Dans un salon transformé en vitrine muséale, les références sont alignées, orchestrées minutieusement. Entre action man et pin-up installés comme des groupies autour de Jimi Hendrix, l’arrière plan musical est planté. Bruno de Stabenrath me présente fièrement le dictionnaire officiel, ou plus exactement, « la bible de la surf musique ». Une période où le soleil, les filles et la musique agitaient ses journées. Dans l’esprit de l’écrivain, le « sea sex and sun » résonne bien plus que Satisfaction des Stones ou Yesterday des Beatles : « j’adore écouter les Beatles à la radio, c’est bien écrit […] Par contre j’ai un problème avec Mick jagger. Je le vois plus comme un homme d’affaire de talent ; il y a un truc qui m’a toujours dérangé chez lui. J’ai une vision de l’artiste qui se rapproche plus d’Eric Clapton ou de Brian Wilson, avec une certaine fragilité. Les Stones ont eu l’intelligence de fabriquer leur carrière. Enfin, ça ne les empêche pas d’avoir fait de supers titres. Tu vois j’ai même une photo de Keith Richard accrochée sur le mur.» Au jeu de l’interview, Bruno de Stabenrath, ne s’y prête pas. Nous sommes là pour échanger, partager, converser autour d’une vibration, la musique. Un véritable lexique musical s’ouvre à moi, il me faut choisir les bonnes pages à explorer.

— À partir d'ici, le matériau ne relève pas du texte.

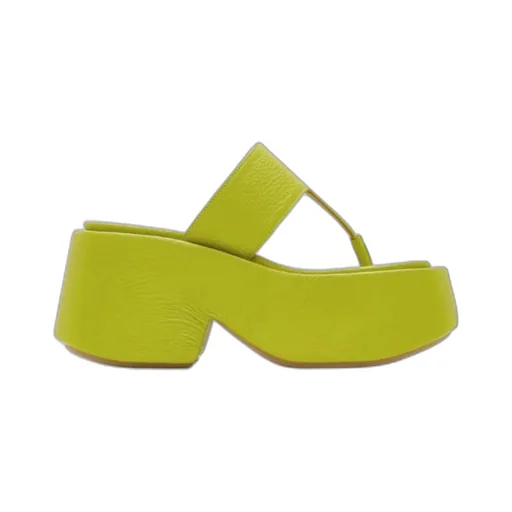 Thong-Strap 90Mm Sandals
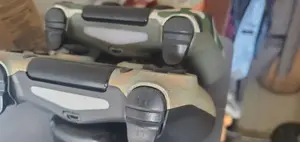 Manette Pour PS4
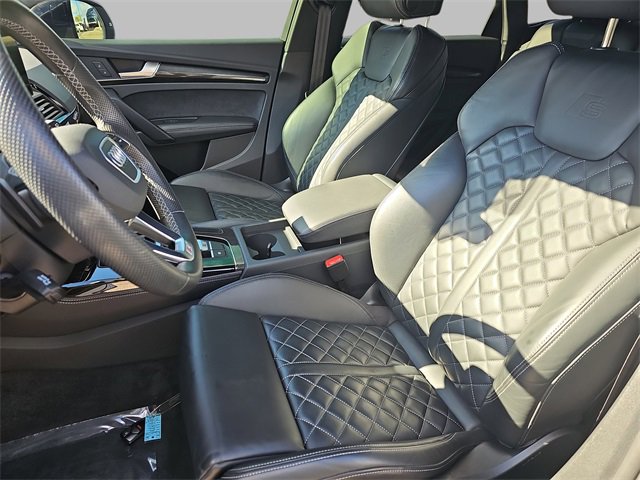 Used 2023 Audi SQ5 Premium Plus w/ Premium Plus Package image 15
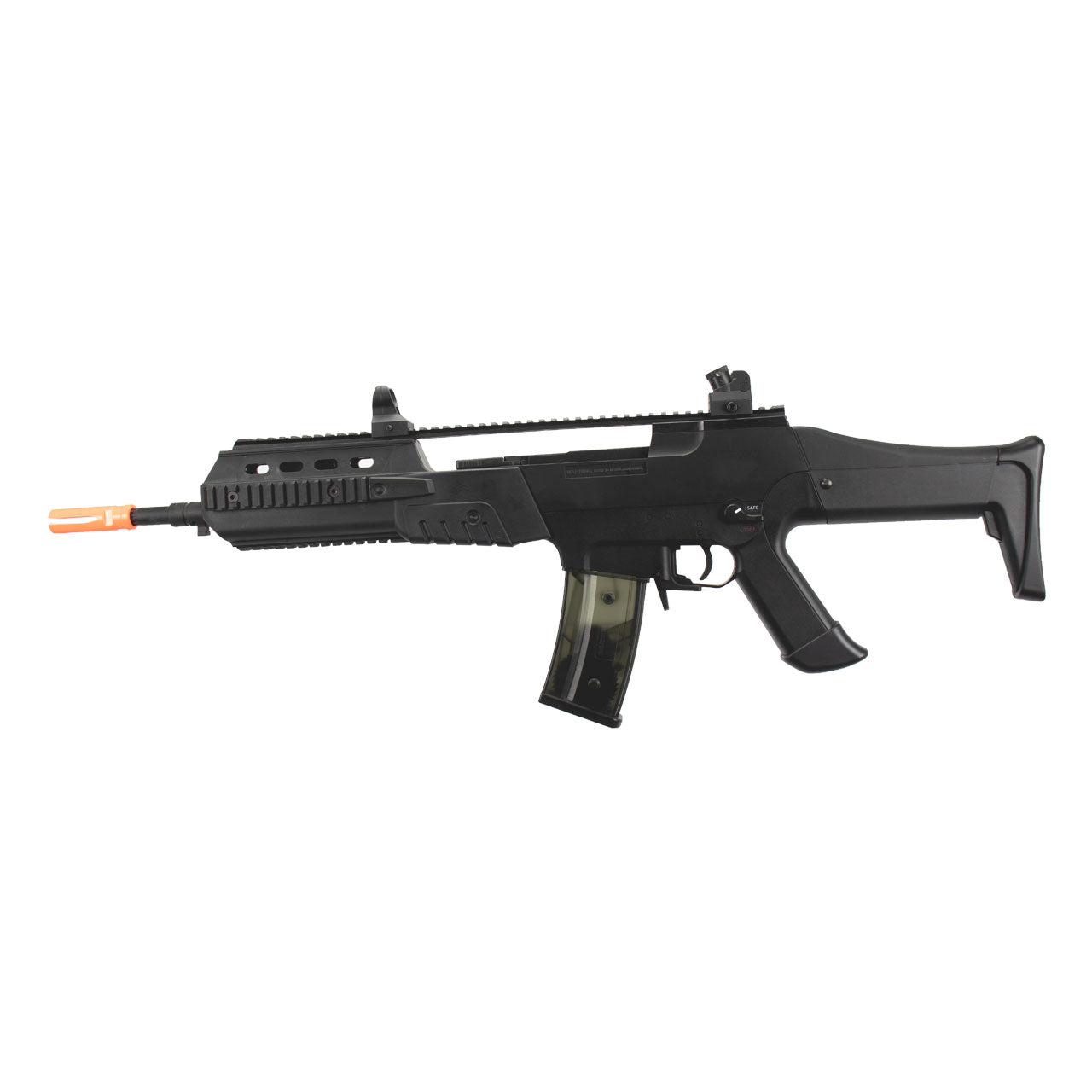 SRC Gen 2 SR8-R Airsoft AEG Rifle – Simple Airsoft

« Les destins brisés du rock », un pléonasme

Sous forme d’hommage générationnel, Bruno de Stabenrath a écrit plusieurs livres sur la musique dont « les destins brisés du rock ». Dans cet ouvrage, titré sous forme de pléonasme, les plus grands noms s’accumulent, tels des faits divers exceptionnels. Le livre sent l’amour d’un art, la transpiration d’une passion, l’envie d’explorer des destins, des secrets. Parmi les artistes évoqués dans son livre, un bout d’homme a particulièrement touché l’écrivain. Il s’appelle Randy road, c’est un jeune guitariste prodigue, fils de professeur de musique et lui-même professeur de guitare à 14 ans, mort à l’âge de 24 ans. « Randy Road commence à jouer dans les clubs et se fait repérer par Ozzy Osbourne. Sa mort est assez triste et accidentelle à cause d’un gars drogué. Il m’a touché parce que j’ai vu les photos, je suis rentré dans sa vie pour écrire le livre. Je l’ai même écouté jouer de la guitare, il avait un très bon son. C’est comme Dire Straits, il avait un son à lui. » Parmi les âmes parties trop rapidement, l’auteur retient aussi Jeff Bucley « il avait encore beaucoup de chose à dire ». Après une énumération de noms qui n’en finit plus, nous concluons par une mystérieuse épitaphe : début des années 70 avec la disparition de grandes figures des années 60 notamment Janis Jopplin, Jimi Hendrix, Jim Morrison et Bryan Jones. « Tous mort à l’aube de leur apogée ».

Pas facile de retenir les références évoquées, mais pour chacune d’elle, l’auteur et musicien n’hésite pas à chantonner, mimer, retranscrire, les souvenirs imprimés dans sa mémoire. A l’issu de notre rencontre, j’envie le florilège musical qu’il possède. Réciproquement, Bruno de Stabenrath sourit à l’idée d’avoir « des tympans neufs » comme les miens qui permettraient de redécouvrir des artistes au son mythique. Tel un aventurier nostalgique, Bruno de Stabenrath aime se perdre dans ses souvenirs d’antan pour mieux comprendre et respirer la vie d’aujourd’hui.